Рукой она придерживала на груди халат, из-под его края торчал угол мокрой салфетки. Отрешенные, обезжизневшие глаза чуть тлели.

Конечно, ей все уже известно... Надо как-то успокоить, утешить... Вот весело! Ему же еще и утешать!

– Ну что вы, Любовь Михайловна,– бодро сказал он, пытаясь подавить внезапное раздражение.– Вообще– ничего особенного. Так, обсудили кое-что и разошлись. Даже интересно... в своем роде...

Последние слова он произнес для Игоря, надеясь вызвать хоть улыбку, растормошить, но тот понуро стоял у окна, покусывая губы, окоченев.

– Ах, Клим, как вы можете так говорить! – воскликнула Любовь Михайловна.– Как вы можете!..– и, повернув голову к стене, заплакала.
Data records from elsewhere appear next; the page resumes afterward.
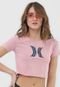 Camiseta Cropped Hurley Icon Tie Dye Rosa - Marca Hurley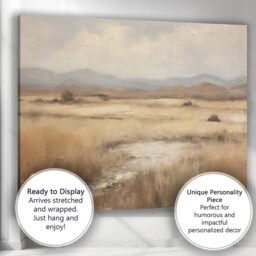 Neutral Marshland Mountain View Misty Wetland Landscape Canvas Wall Art Print Decor Picture Ready To Hang - thumbnail 3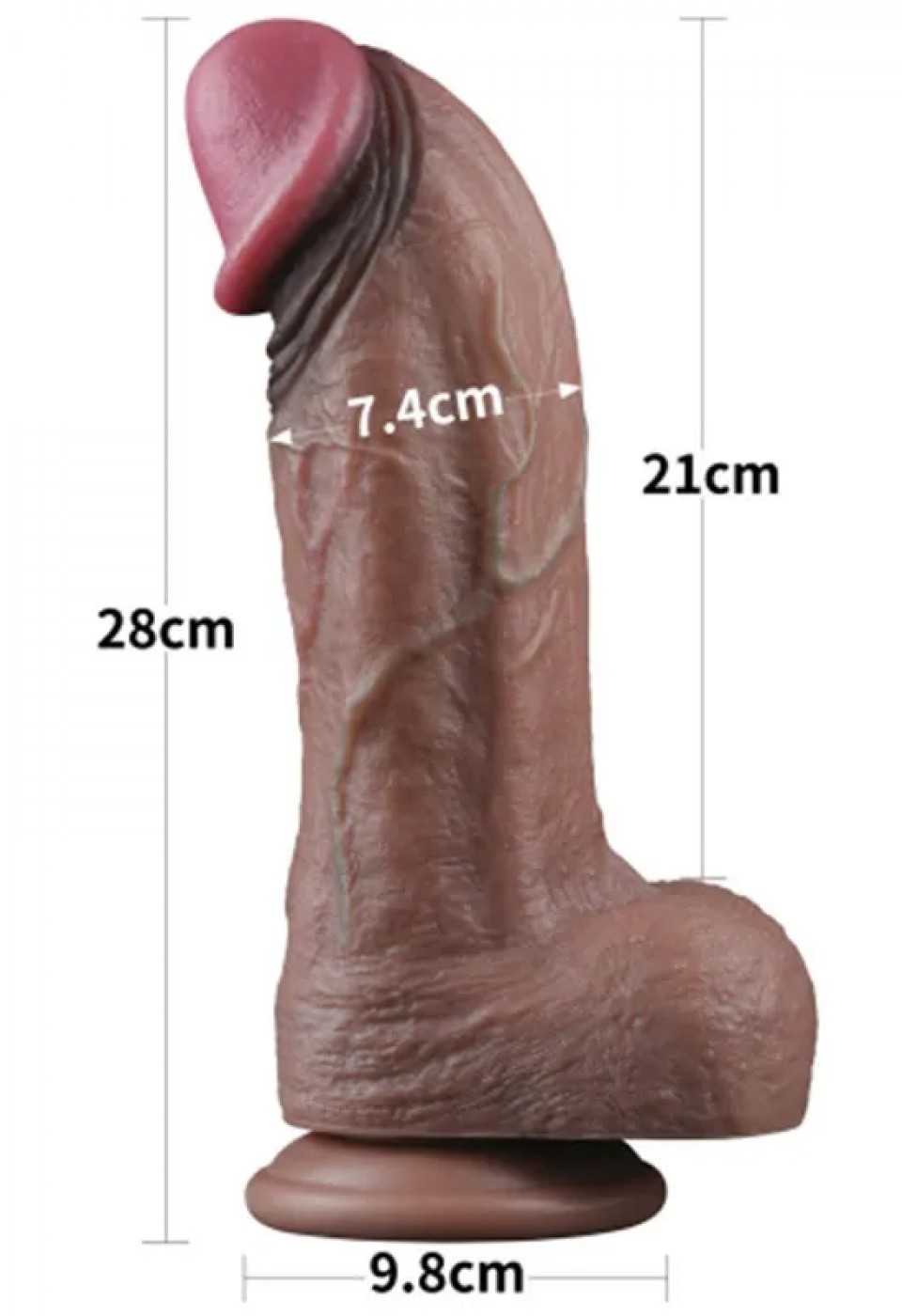 11'' Dual Layered Silicone Cock XXL 28 cm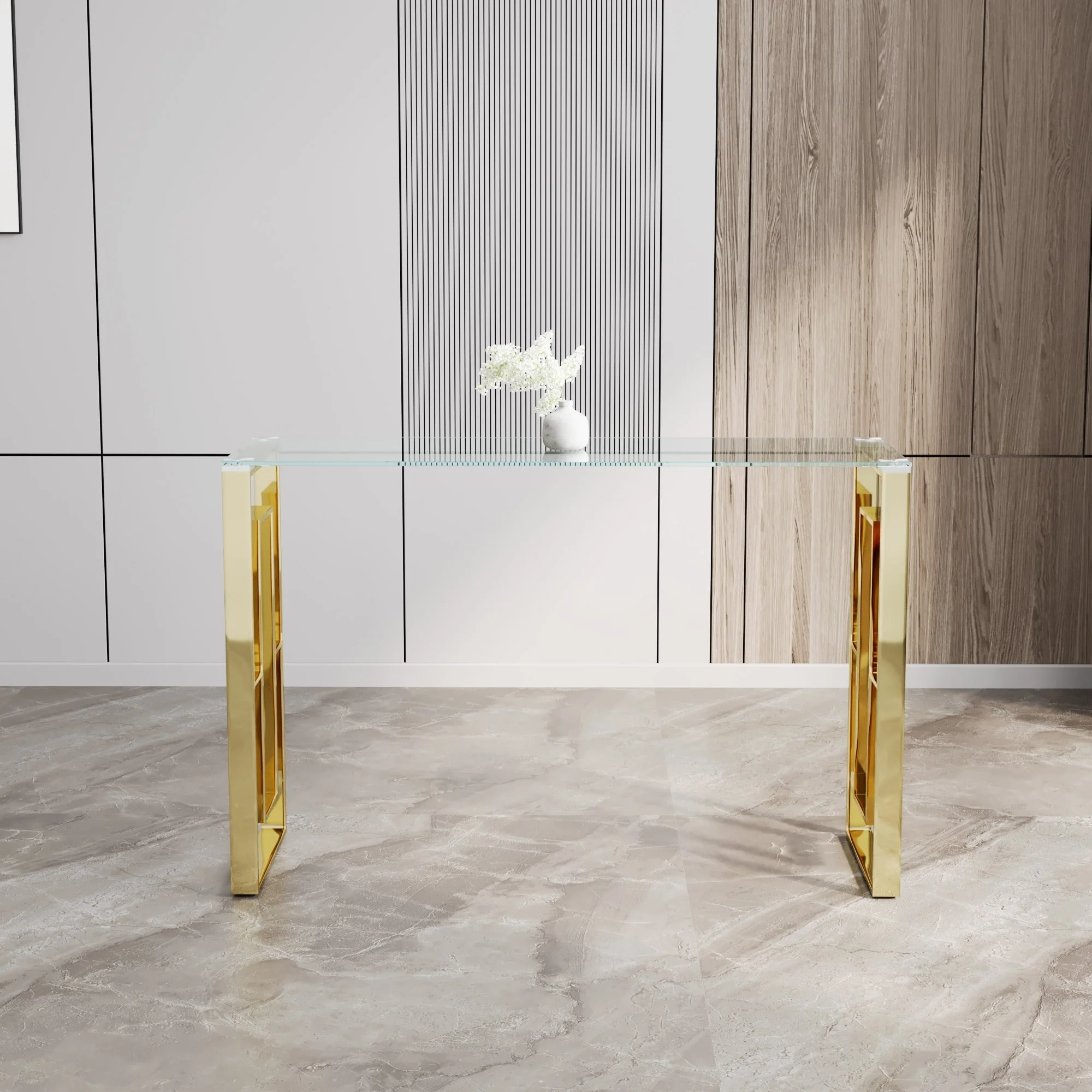 Console Table Stainless Steel Glass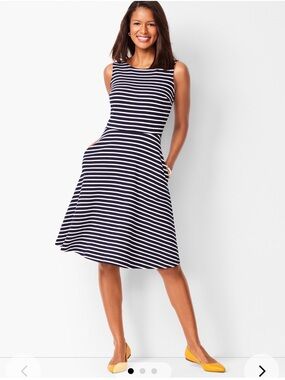 Talbots Navy and White Striped Fit-and-Flare Dress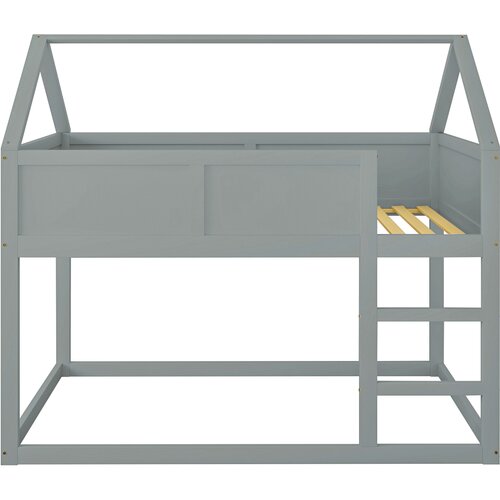Lumor Pogradna postelja 90x200 cm - s stopnicami - konstrukcija iz masivnega lesa - siva, (22068444) Cene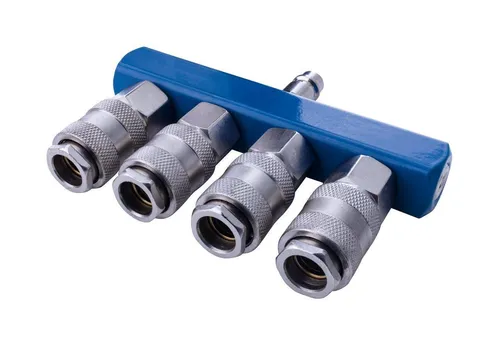 Scheppach 4 Wege Druckluftumsteller mit Schnellhahnen - Sonstige, ideal für präzise Druckluftverteilung in Werkstätten und Heimwerkprojekten.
Игорь устало пожал плечами, подошел к ней:

– Мама, ну вот, опять... Мы же договорились...

– Уйди! – вскрикнула Любовь Михайловна, отдернув локоть от его руки.– Уйди! Не прикасайся ко мне! Ты не хотел меня слушать—и теперь довел...

Мишка шумно вздохнул и тихонько кивнул Климу на дверь. Пожалуй, уйти отсюда было бы самым лучшим. Но Клим продолжал стоять, переминаясь и глядя на изогнутую диванную ножку. Бедняга Игорь! И на черта он все рассказал?.. Что теперь делать?

– Игорь, можно тебя?.. На минутку...

Но Игорь не успел и шевельнуться – Любовь Михайловна встрепенулась и, обхватив его руками, прижала к себе. Широкие рукава ее халата метнулись, как два крыла.

– Никуда!... Никуда тебя не пущу! Я больше не могу! Не могу, не могу!.. Не могу выносить!.. Это вы, вы, Клим, это все вы!.. Вы наделали!.. Что вам еще от него нужно?

– Мама!—дико выкрикнул Игорь, пытаясь, вырваться из вцепившихся в него рук.– Мама!..

– Я знаю, что я говорю! – Любовь Михайловна вскочила с дивана и загородила собой Игоря.– Игорь – глупый, доверчивый мальчик! Он верит всем и каждому! Это вы, вы подчинили его своему влиянию, увлекли его... Толкнули на ваши диспуты!.. Я говорила, говорила ему всегда: не связывайся, это не ваше дело, вам надо учиться, думать о себе, о своем будущем!.. У Игоря – блестящее будущее. Что вы с ним сделали?! Вообразили себе, что вам все позволено? Есть границы! Есть рамки! Если вас не сумели правильно воспитать, так и делали бы один, а других оставили в покое!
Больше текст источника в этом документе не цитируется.